27. Búrfellsgjá – Crater and lava channel

The lava channel Búrfellsgjá. Photo Ingibjörg Kaldal.Búrfell near Hafnarfjörður town SW-Iceland is a cinder cone that erupted 8000 years ago (~6000 BC). The crater reaches 180 m a.s.l. and is made of scoria and other pyroclastic fragments. The lava originating there is olivine tholeiitic with prominent phenocrysts of feldspar and olivine. It has the common name Búrfellshraun but parts of it have their own names such as

  • Smyrlabúðarhraun
  • Gráhelluhraun
  • Lækjarbotnahraun
  • Urriðakotshraun
  • Hafnarfjarðarhraun
  • Garðahraun
  • Gálgahraun.

The Búrfell crater is located near the eastern border of a shallow rift valley belonging to the Trölladyngja volcanic rift system. The area of the lava is estimated to be 24 km2 and 1/3 of it is covered by younger lava flows. The volume is around 0,5 km3. The age is about 8000 years BP.
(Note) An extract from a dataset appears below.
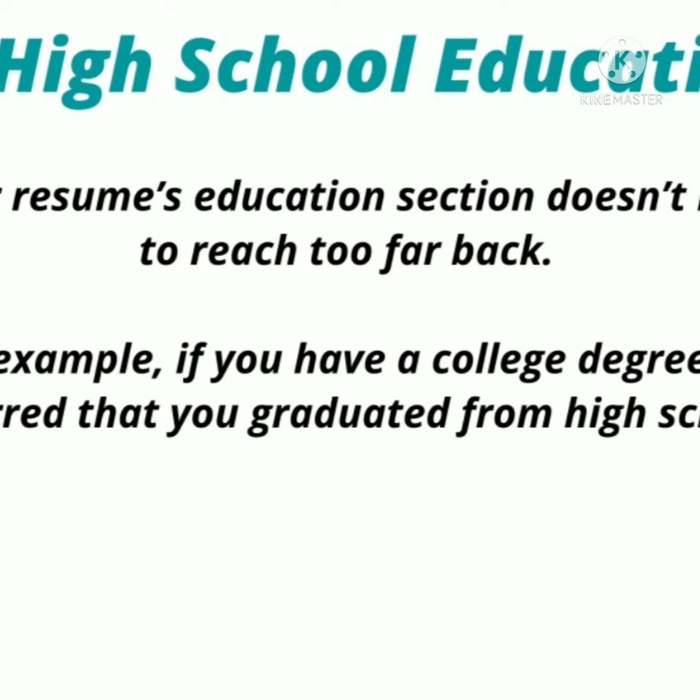Number five: high school education. Your resume's education section should not go back too far. For example, if you have a master's degree, you may omit your high school information because it is implied that if you are a graduate, you have completed your 10+2. The more experience you have, the less historical education you need to mention — focus on your latest qualifications.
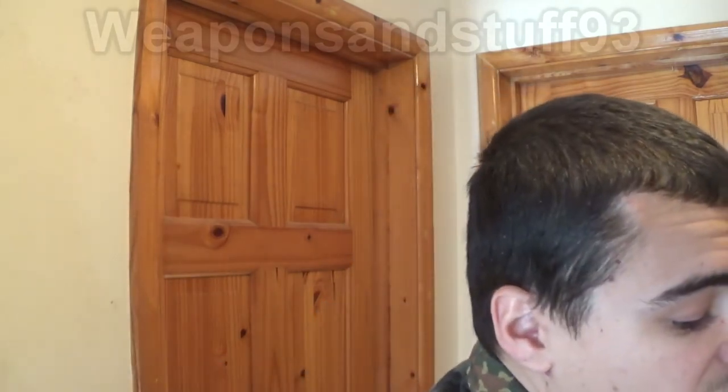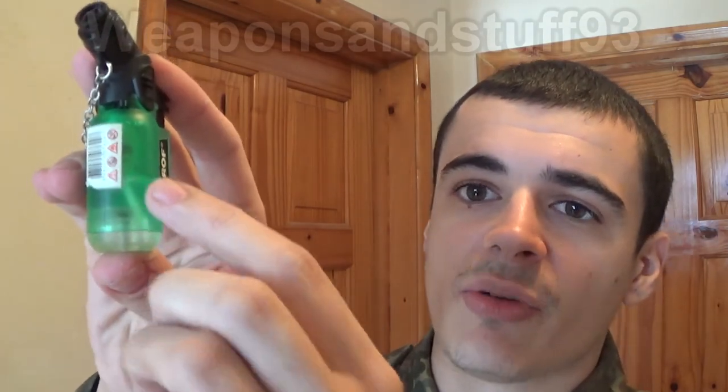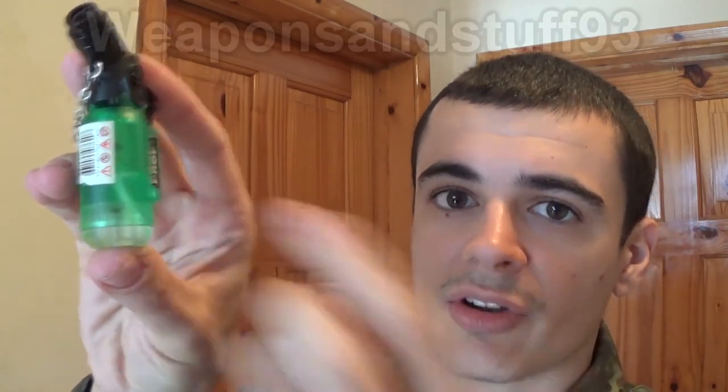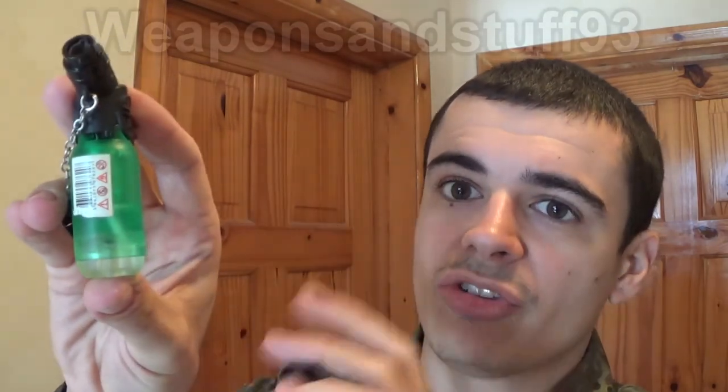Next we have butane lighters. I would not even bother with a standard butane lighter like a Clipper or a Bic — they're simply not going to work. Jet lighters have a chance, but the issue with butane is that it's a gas, but once it's in a lighter where it's pressurized it becomes a liquid.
Three main lava lobes have flowed from the crater towards the shore and in to the sea. The largest one reached the shore in outer Hafnarfjörður and Arnarnesvogur. The second one flowed towards Kaldárbotnar springs and from there to the shore at Hamarinn in Hafnarfjörður harbour. The third and the southernmost lava lobe is mostly covered by younger lavas. It went into the sea at Straumsvík. At this time the sea level was about 10 m lower than today. The towns Hafnarfjörður and Garðabær are partly located on the lava as well as the Straumsvík Aluminium Plant.

Árni Hjartarson, 2010

 Map of Burfellsgja - Crater and lava channel.